Starting at the line that contains "Marvel Classic Wolverine" and stopping after the line that contains "Evogen | Evofusion", transcribe the listing below exactly; do not include any pictures.

* [Material shown]
►
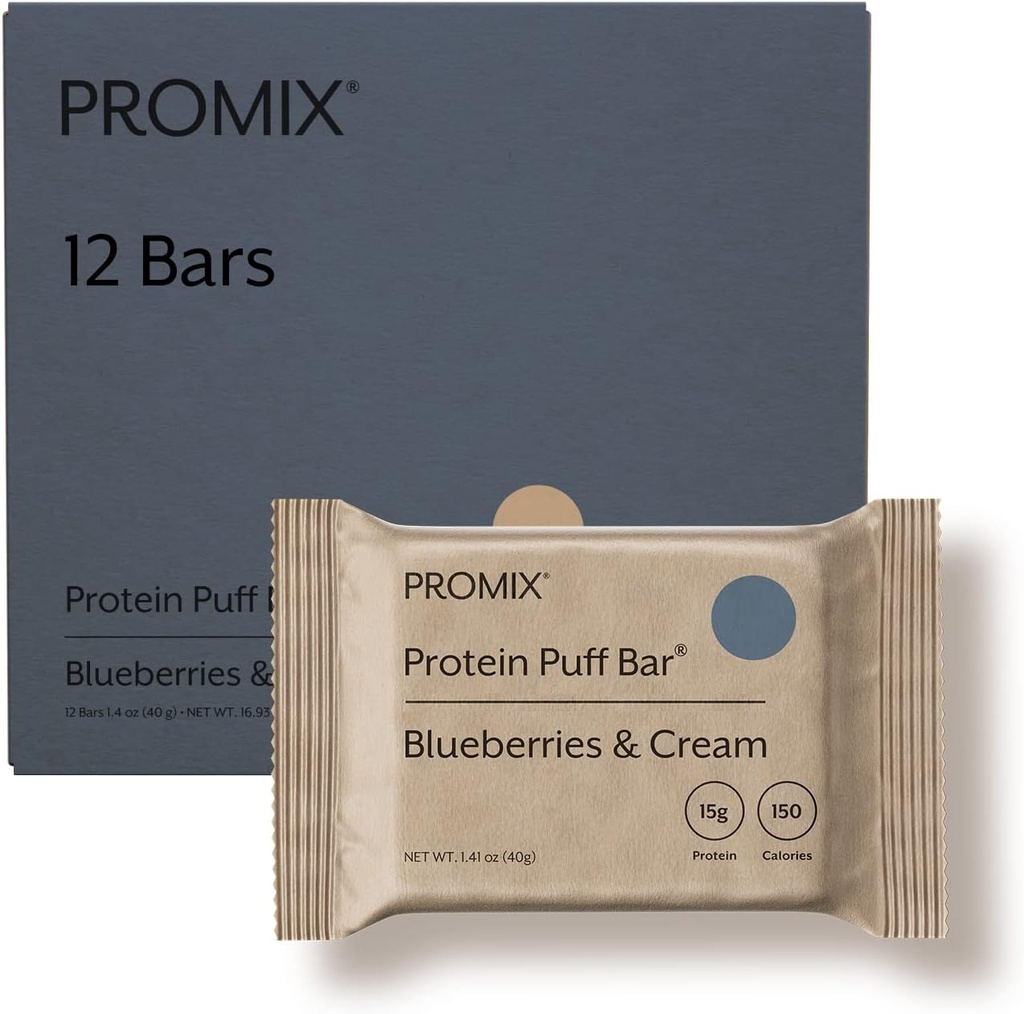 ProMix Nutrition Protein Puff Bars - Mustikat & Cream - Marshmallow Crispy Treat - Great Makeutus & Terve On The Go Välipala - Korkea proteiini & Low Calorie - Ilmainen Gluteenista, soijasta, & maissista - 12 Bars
◄
►
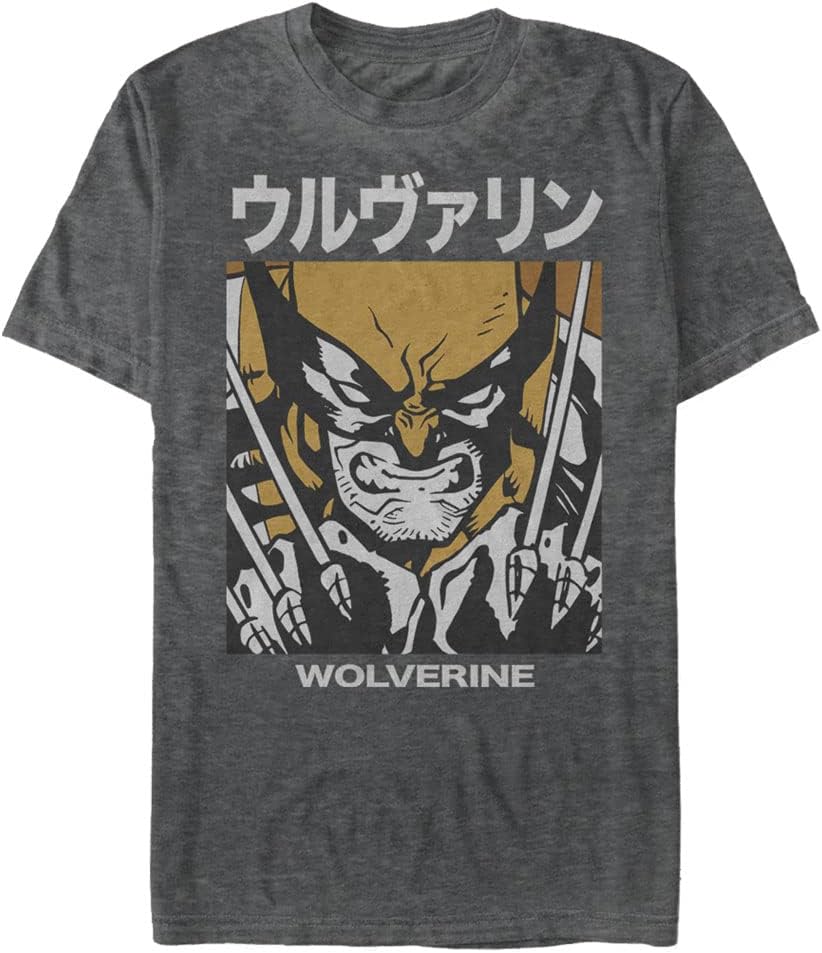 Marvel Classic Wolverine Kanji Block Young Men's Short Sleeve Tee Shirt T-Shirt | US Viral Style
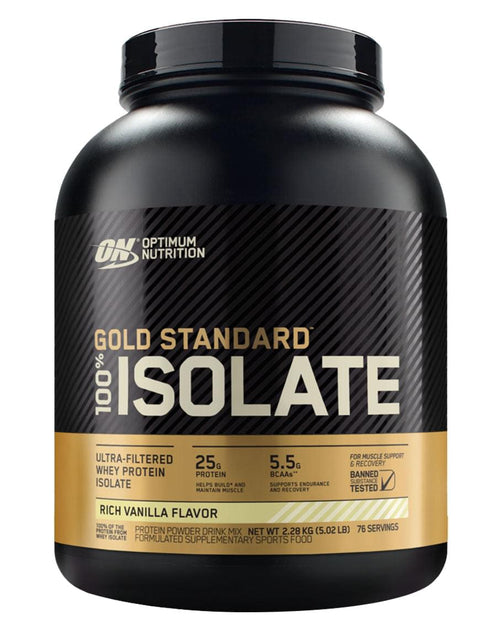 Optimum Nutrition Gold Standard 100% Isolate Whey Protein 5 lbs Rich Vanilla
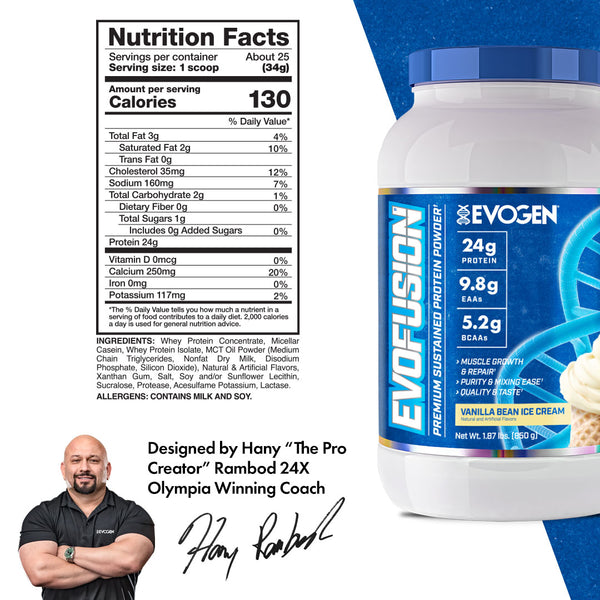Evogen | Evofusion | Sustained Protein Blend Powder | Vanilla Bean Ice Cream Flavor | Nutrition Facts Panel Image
◄
* [Response below]
 Marvel Classic Wolverine Kanji Block Young Men's Short Sleeve Tee Shirt T-Shirt | US Viral Style
 Optimum Nutrition Gold Standard 100% Isolate Whey Protein 5 lbs Rich Vanilla
Evogen | Evofusion | Sustained Protein Blend Powder | Vanilla Bean Ice Cream Flavor | Nutrition Facts Panel Image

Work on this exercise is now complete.